Ada kursi kosong di pojokan. Sayangnya, kursi yang hendak kami duduki tiba-tiba diduduki pria yang sedang membantu duduk istrinya yang sedang hamil. Penumpangnya sudah penuh. Ada yang sampai berdiri.
Dan...
Alangkah terkejutnya aku.
Tiba-tiba.
Aku hanya bisa menanap.
Aku mendadak gupuh. Kupegangi tangan Ratna supaya dia tidak berlari saat menyadari ada Pak Su dan Mas Hakim di bus ini. Dia kusembunyikan di belakangku. Yang benar saja. Pak Su dan Mas Hakim pun akhirnya menyadari keberadaanku meskipun aku sudah berupa menundukkan wajah. Aku melirik dan mereka berdua tersenyum jahat kepadaku. Pelan-pelan dia menggeser langkah. Menyibak orang di depannya supaya bisa lebih dekat dengan posisiku. Aku sendiri menyuruh Ratna supaya lebih mundur. Ratna akhirnya juga menyadari. Dia mencubit lenganku seketika sampai aku menggigit bibirku sendiri.
Tetapi, ada yang lebih membuatku terkejut lagi. Pria di depan Pak Su dan Mas Hakim yang tiba-tiba menoleh ke arahku. Tepat sasaran menatap mataku. Aku terbengong-bengong.
"Kenapa bisa ada Pak Nizam di bis ini juga?" Kutatap dia tanpa berkedip.
Dia menahan diri di tempatnya. Menghalangi jalan Pak Su dan Mas Hakim.

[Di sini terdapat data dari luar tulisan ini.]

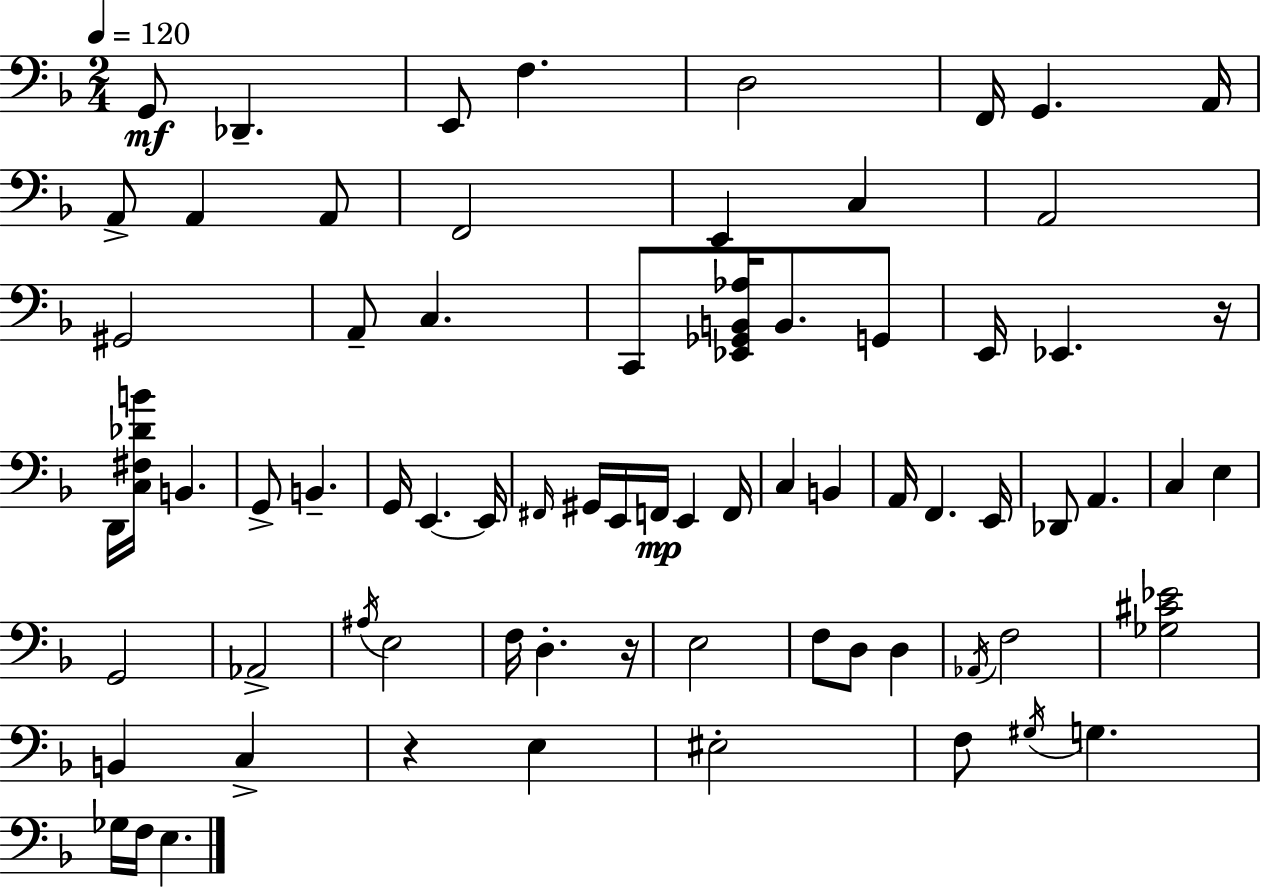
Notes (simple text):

G2/e Db2/q. E2/e F3/q. D3/h F2/s G2/q. A2/s A2/e A2/q A2/e F2/h E2/q C3/q A2/h G#2/h A2/e C3/q. C2/e [Eb2,Gb2,B2,Ab3]/s B2/e. G2/e E2/s Eb2/q. R/s D2/s [C3,F#3,Db4,B4]/s B2/q. G2/e B2/q. G2/s E2/q. E2/s F#2/s G#2/s E2/s F2/s E2/q F2/s C3/q B2/q A2/s F2/q. E2/s Db2/e A2/q. C3/q E3/q G2/h Ab2/h A#3/s E3/h F3/s D3/q. R/s E3/h F3/e D3/e D3/q Ab2/s F3/h [Gb3,C#4,Eb4]/h B2/q C3/q R/q E3/q EIS3/h F3/e G#3/s G3/q. Gb3/s F3/s E3/q.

Tetapi, setelah aku memperhatikannya dengan amat sadar, orang itu bukan Pak Nizam. Pakaiannya saja seperti preman. Dia hanya menggunakan kaus oblong tanpa lengan. Dia lebih tinggi dan kekar. Lagi-lagi dia menahan Pak Su dan Mas Hakim. Lalu, aku mendengar dia berkata, "Tolong jaga kenyamanan penumpang lain." Menatap garang (mode gahar).
Beberapa orang sontak menoleh ke arah mereka berdua. Memberi peringatan lewat mata.
Mereka bertiga bertukar pandang. Kemudian, pria itu membuang pandangan ke arah lain. Setidaknya pria itu membantuku tanpa sengaja.